Lead character Red continues to be a likeable grump while his BFFs Chuck (voiced by Josh Gad) and Bomb (Danny McBride) are more charming than irritating, which is also surprising. New character Silver (Rachel Bloom – ‘Crazy Ex-Girlfriend’) proves a sweet addition and good influence on Red as she encourages him to ease off his domineering persona and fears of being alone. Peter Dinklage’s Mighty Eagle also returns while other cast additions include Nicki Minaj, Awkwafina and Sterling K. Brown.
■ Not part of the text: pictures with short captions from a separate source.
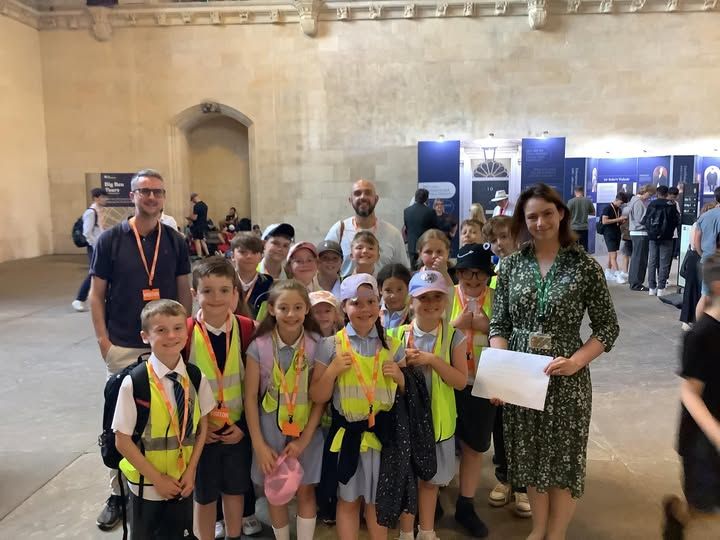 I was delighted to meet with the children of St Vincent's in Parliament just before recess. 

I'm so glad that they had the opportunity to visit Parliament, speak with their MP and learn how what happens in Westminster affects them.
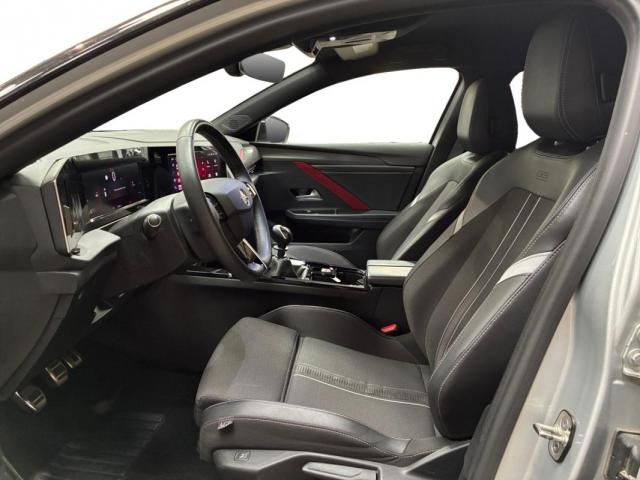 Opel Astra image 2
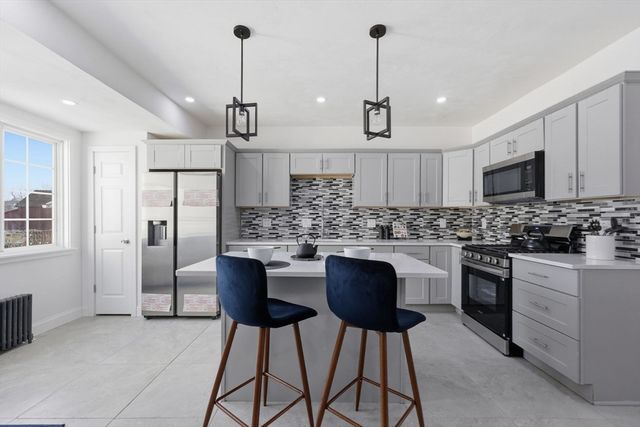 13 Green Ave, Westfield, MA 01085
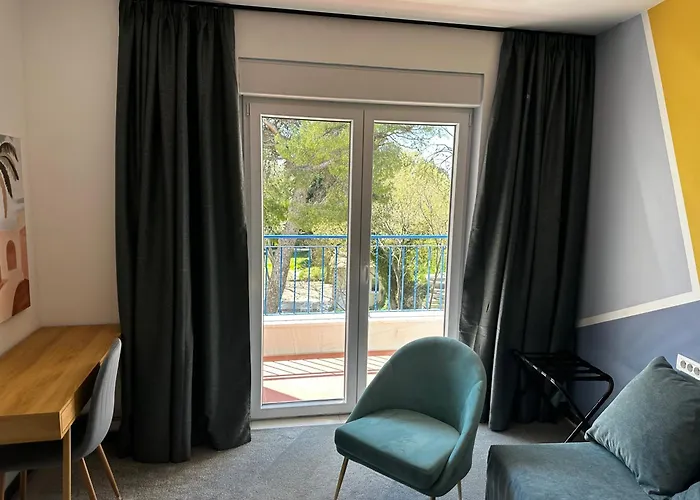 Hotel Elu Iris
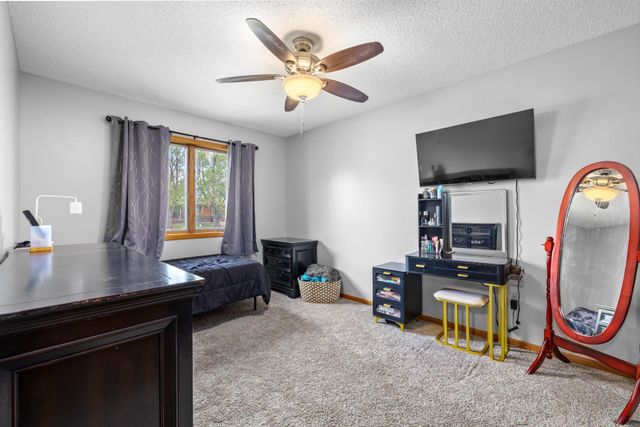 1624 12TH ST SW, Minot, ND 58701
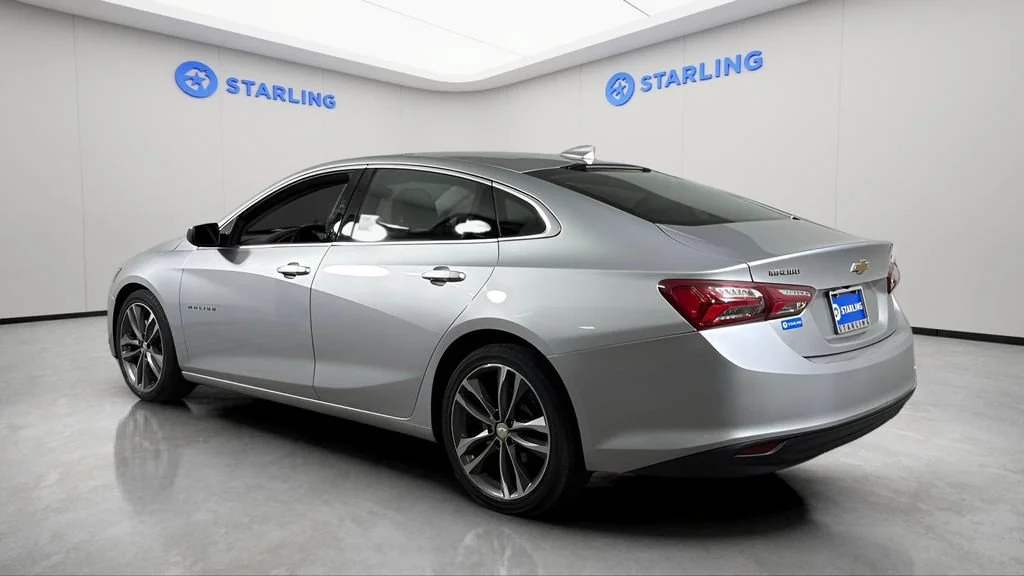 Used 2022 Silver Ice Metallic Chevrolet LT image 5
A very fun side storyline involving three chicks going off to retrieve three eggs is done in a style that recalls the Scrat plotlines of the ‘Ice Age’ movies. As previously mentioned, the humour can be a bit juvenile, including the use of toilet humour and an eye roll-inducing breakdance battle. But the characters are such good fun with gags being thrown left, right and centre that the animated feature ends up being quite a romp. Adults and kids will both enjoy it immensely because that solid characterisation, humour and sense of fun consistently shine through.